### ASSIGNMENT
Each entry should be returned exactly as written, with no pictures carried over.

### Scraped caption text data
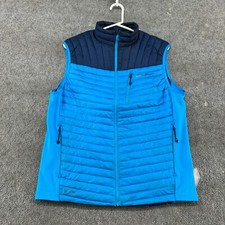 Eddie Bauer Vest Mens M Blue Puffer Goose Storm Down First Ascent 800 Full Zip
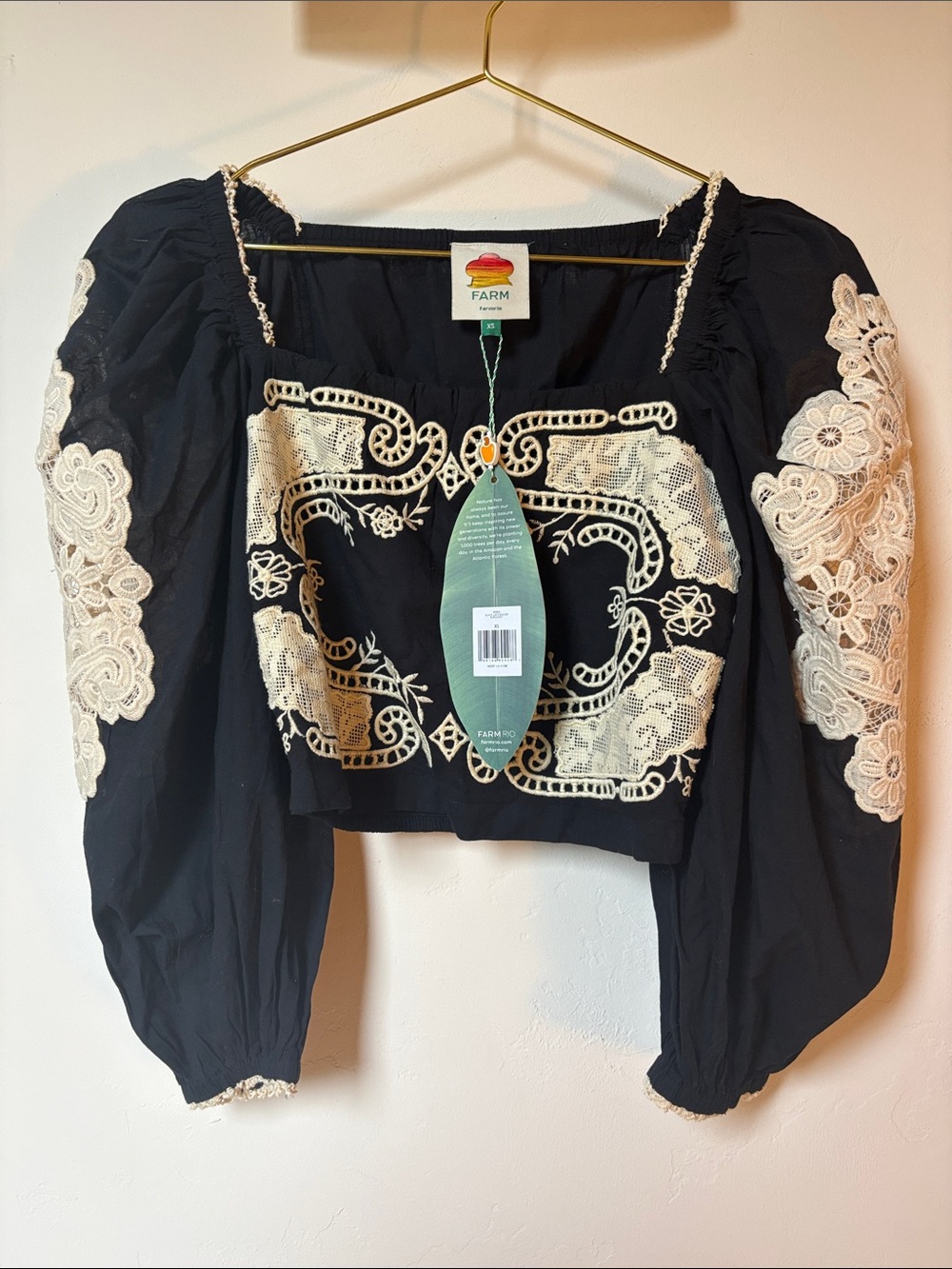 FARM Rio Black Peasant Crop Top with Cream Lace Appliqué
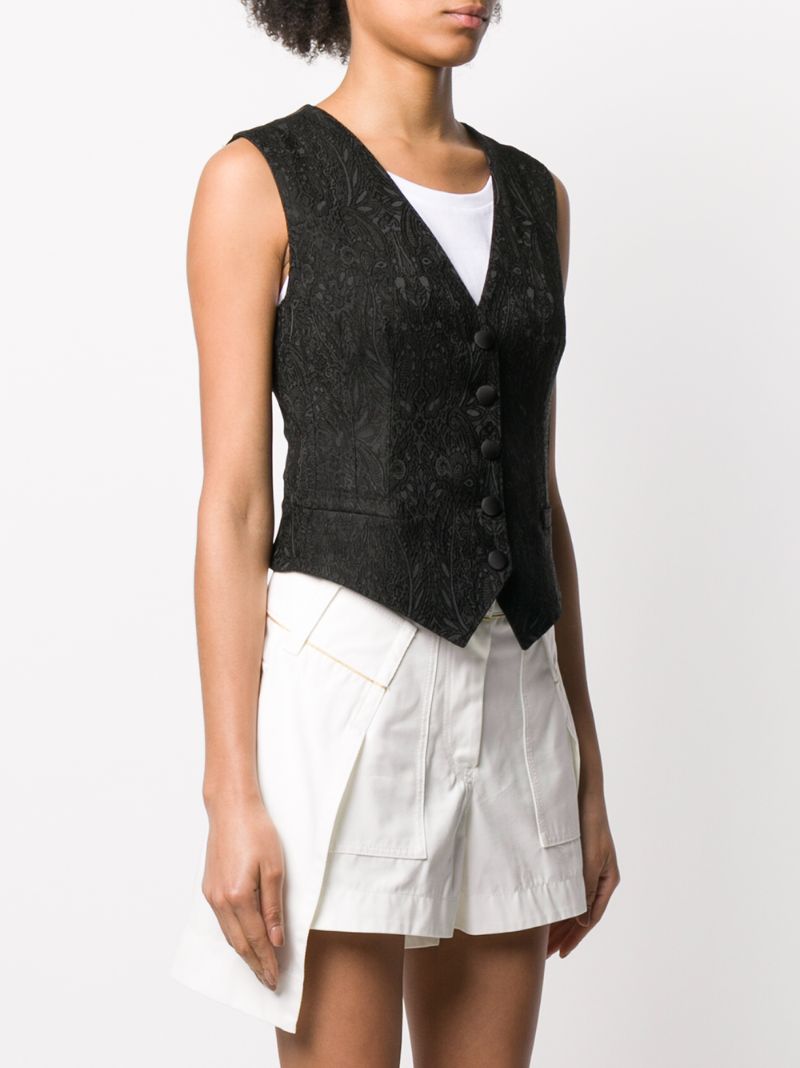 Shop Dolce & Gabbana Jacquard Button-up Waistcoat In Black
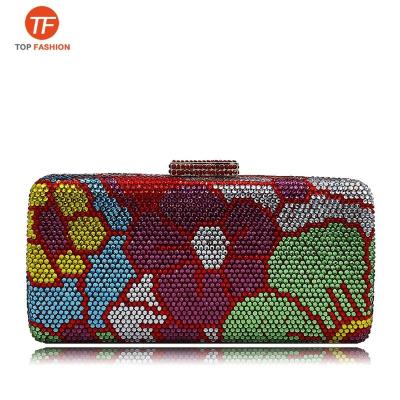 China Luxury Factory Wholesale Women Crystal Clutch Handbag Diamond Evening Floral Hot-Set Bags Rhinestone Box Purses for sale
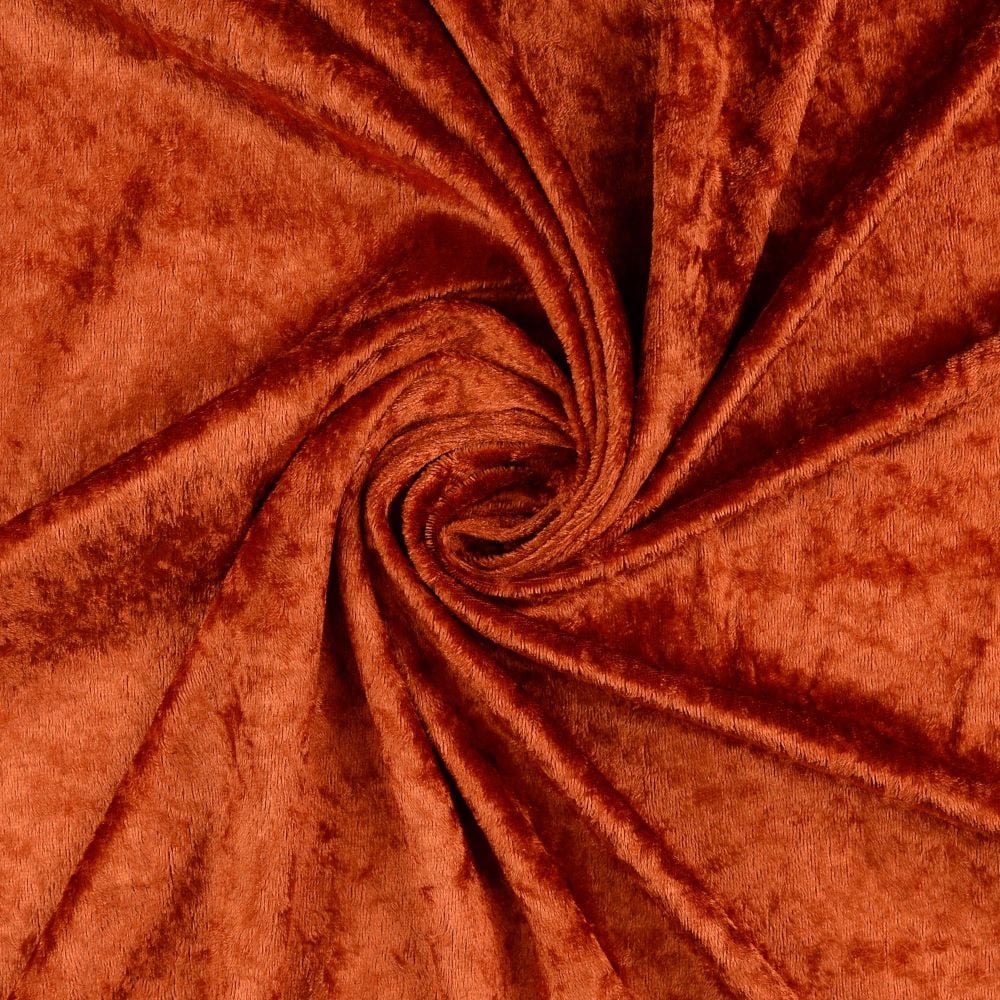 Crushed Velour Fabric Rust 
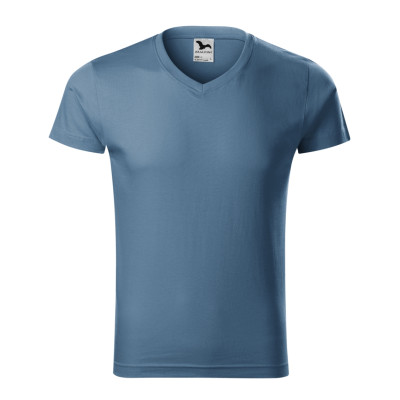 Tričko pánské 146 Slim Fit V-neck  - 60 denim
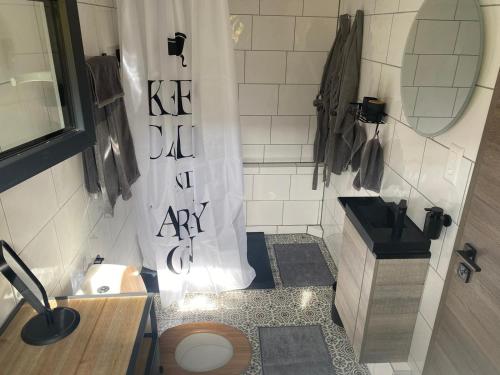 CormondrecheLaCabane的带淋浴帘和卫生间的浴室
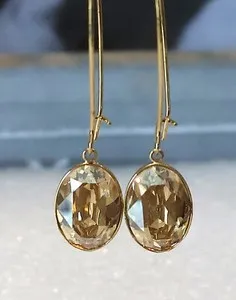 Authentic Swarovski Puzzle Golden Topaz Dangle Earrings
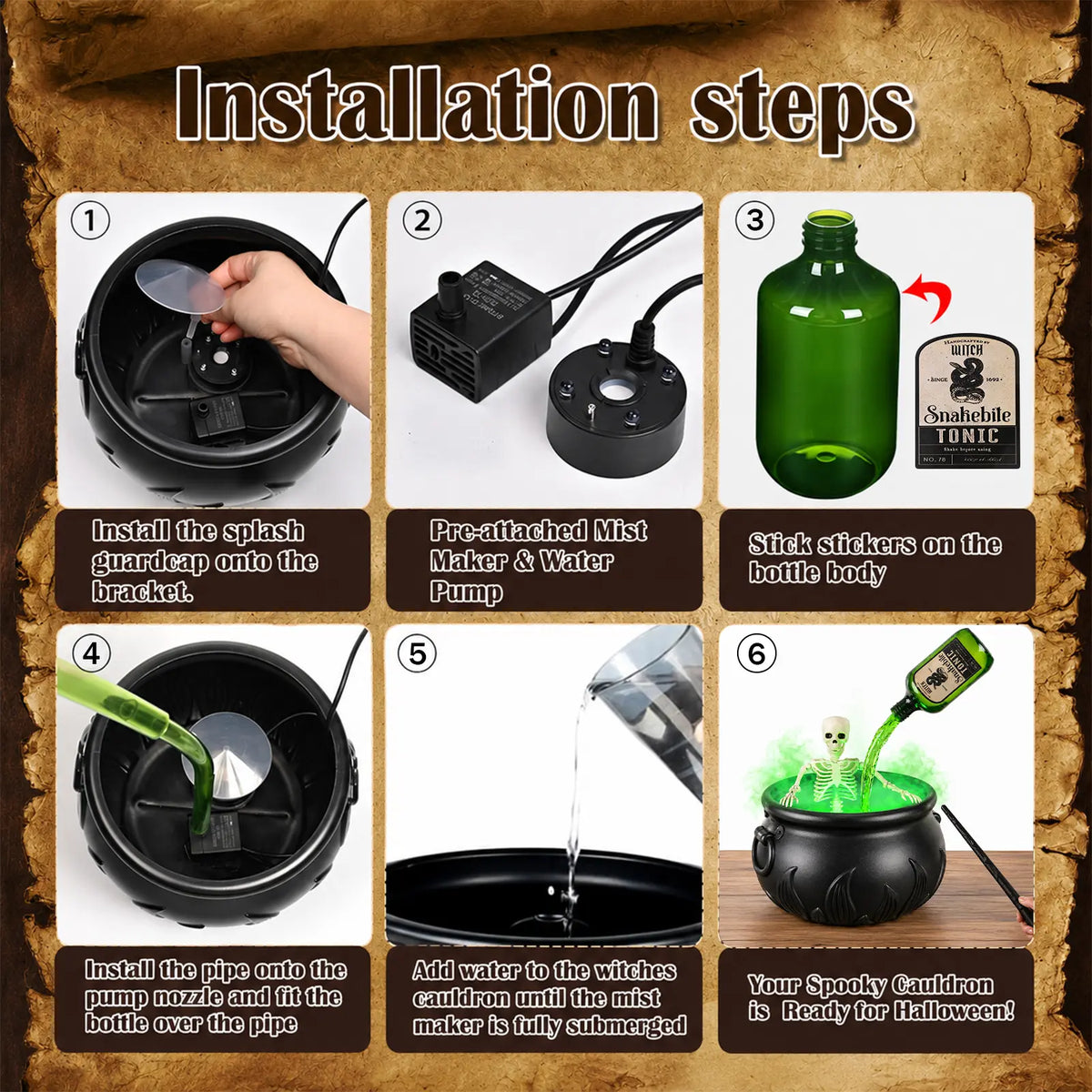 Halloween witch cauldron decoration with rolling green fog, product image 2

### ANSWER BELOW
 Eddie Bauer Vest Mens M Blue Puffer Goose Storm Down First Ascent 800 Full Zip
 FARM Rio Black Peasant Crop Top with Cream Lace Appliqué
 Shop Dolce & Gabbana Jacquard Button-up Waistcoat In Black
 China Luxury Factory Wholesale Women Crystal Clutch Handbag Diamond Evening Floral Hot-Set Bags Rhinestone Box Purses for sale
 Crushed Velour Fabric Rust 
 Tričko pánské 146 Slim Fit V-neck  - 60 denim
 CormondrecheLaCabane的带淋浴帘和卫生间的浴室
 Authentic Swarovski Puzzle Golden Topaz Dangle Earrings
 Halloween witch cauldron decoration with rolling green fog, product image 2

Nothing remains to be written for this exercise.